クリス・クローニン:フェルナンド、了解した。

 コースに復帰し、走っている間になんとか鎮火した。一方、8周目にピットインしたアレクサンダー・アルボン(ウイリアムズ)は、ホイールのトラブルに見舞われる。

9周目
アルボン:タイヤがしっかりハマっていない。

 スロー走行でなんとか1周し、ピットにたどり着いた。


 レース中盤、4番手まで順位を上げたピアストリに、担当エンジニアのトム・スタラードがこんな情報を伝えた。

30周目
スタラード:どのクルマもタイヤのデグはちょっと大きいけど、プランBで行くはずだ。プランCはやらない。

 2回ストップはないということだ。ピアストリ陣営ももちろん、1回ストップ戦略を敢行した。

 35周目、首位マックス・フェルスタッペン(レッドブル)を追走するランド・ノリス(マクラーレン)だが、3番手シャルル・ルクレール(フェラーリ)との差が縮まっていた。

35周目
ノリス:なんで僕は後ろの連中より、こんなに遅いんだ?
ウィル・ジョゼフ:他はみんな、我々よりタイヤを使ってるからだよ
ノリス:そうなの? 全然ペースがないんだけど。

 ジョゼフが不安を打ち消そうとするが、ノリスは納得できないようだった。

 そしてルクレールは、いよいよペースを上げてノリスに迫り始めた。

41周目
ジョゼフ:この数周、ルクレールがプッシュしてきてる。
ノリス:もっと大きな声で言ってくれ!
ジョゼフ:ルクレールがペースを上げてる。1分21秒だったのが、今は1分20秒5だ。
ノリス:僕もプッシュしてるんだけどね。向こうの方が、ずっと速い。

 逆にルクレール陣営は勢いづく。担当エンジニアはこの週末から、ブライアン・ボッツィに代わっていた。

44周目
ボッツィ(→ルクレール):コース上で一番速いぞ

 44周目には、ルクレールはノリスの1秒以内まで迫った。

 一方、首位のフェルスタッペンも、決して独走状態ではない。44周目に7秒あったノリスとのマージンは、51周目には4秒5まで縮まっていた。

51周目
ジャンピエロ・ランビアーゼ:ランドに対してタイムロスしてるのはターン2とターン6だ。
フェルスタッペン:もうタイヤがダメなんだよ。
ランビアーゼ:あくまで情報として上げただけだ、マックス。
フェルスタッペン:僕のも単なる情報だけどね。

 このやりとりだけ聞けばまだ余裕があるような印象だが、この後もノリスはさらに差を縮めていった。

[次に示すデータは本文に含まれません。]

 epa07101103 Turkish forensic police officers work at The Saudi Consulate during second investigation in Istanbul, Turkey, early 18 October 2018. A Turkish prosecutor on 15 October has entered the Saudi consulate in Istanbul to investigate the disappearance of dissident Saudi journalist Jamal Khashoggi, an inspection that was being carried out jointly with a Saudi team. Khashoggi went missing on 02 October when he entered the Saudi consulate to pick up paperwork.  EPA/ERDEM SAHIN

 51周目の時点で、メルセデス勢はジョージ・ラッセル6番手、ルイス・ハミルトン7番手。しかしラッセルは、かなりタイヤが厳しくなっていた。

52周目
マーカス・ダドリー:今ピットインしたらルイスの後ろになってしまうけど、それでもいい? ペレスの前では、コースに戻れるけどね。
ラッセル:ああ。それでいいよ。でもピットインは、チェッカー間際だよね?
ダドリー:いや、違う。
ラッセル:ピットインの理由は? よくわからないんだけど。
ダドリー:タイヤが最後まで持つか、確信できないんだ。
ラッセル:理由もなしに、順位を落としたくないよ

 結局、52周目にラッセルはピットイン。ハミルトンに先行されたものの、ファステストタイムを叩き出すことに成功した。

 ノリスに迫られているフェルスタッペンが、周回遅れのマシンに対して、珍しく焦りをあらわにした。

56周目
フェルスタッペン:あのバカ、僕を行かせないのか

 追い詰めるノリス。

57周目
ジョゼフ:ターン9でもうちょっとプッシュしたら最高だ
ノリス:やってるよ、精一杯やってる。

61周目
フェルスタッペン:バッテリーがほぼ空だ!

フェルスタッペンが0.7秒差で、辛くも逃げ切った。

チェッカー後
フェルスタッペン:かなり頑張らないといけなかったよ。でもなんとかやり遂げたね。

ノリス:ついてなかった。序盤のロスが痛すぎた。でも今回も、素晴らしい週末だった。みんな、よくやってくれた。

 3位に入ったルクレールだが、レッドブル、マクラーレンに対抗できなかったことに、少なからぬショックを受けたようだ。

ボッツィ:P3だ。よくやった。これ以上はないペースで、走ってくれた。ファンにも感謝だ。
ルクレール:ああ……そうだね。彼らはいつでも、一緒にいてくれる。いいレースだった。もっといい結果も出せたはずだけどね。これから勝てたら最高だけど、どうだろうね。
ボッツィ:ファンもわかってくれるさ。

ジョゼフ:ドライバー・オブ・ザ・デイに選ばれたぞ。
ノリス:あと1、2周あったらね。そしたら……。いや〜勝てなかったのは、イラつくね。今や、勝てないことがすごく辛いよ。

 初勝利を挙げたことで、ノリスの心のうちは確実に変化している。マイアミの前だったら、2位表彰台という結果をここまで悔しがることはなかっただろう。